• [EXTRACTED INFORMATION]
-----

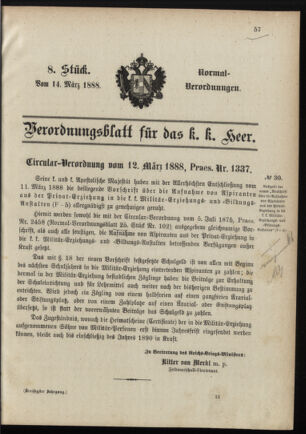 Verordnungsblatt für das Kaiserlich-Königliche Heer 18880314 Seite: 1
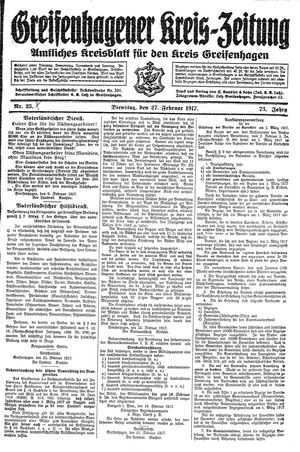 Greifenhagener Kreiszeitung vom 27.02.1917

-----

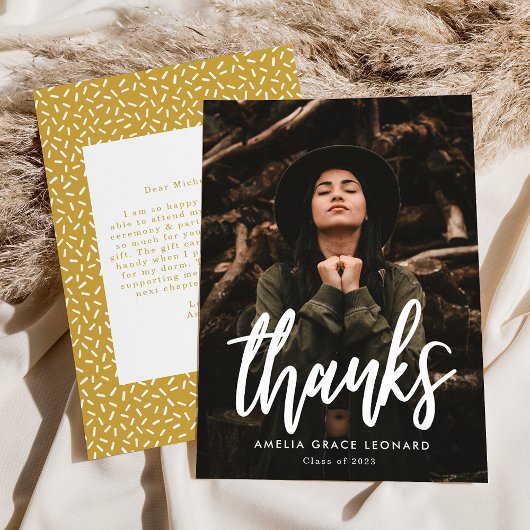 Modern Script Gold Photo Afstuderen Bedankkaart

-----

• [TASK TO COMPLETE]
Find where the line with "Verordnungsblatt für das" sits in the material above and where the line with "Greifenhagener Kreiszeitung vom 27.02.1917" sits. Set down exactly the lines from the first to the second, both included and nothing else, without pictures.

• [ANSWER TO THIS EXERCISE]
 Verordnungsblatt für das Kaiserlich-Königliche Heer 18880314 Seite: 1
 Greifenhagener Kreiszeitung vom 27.02.1917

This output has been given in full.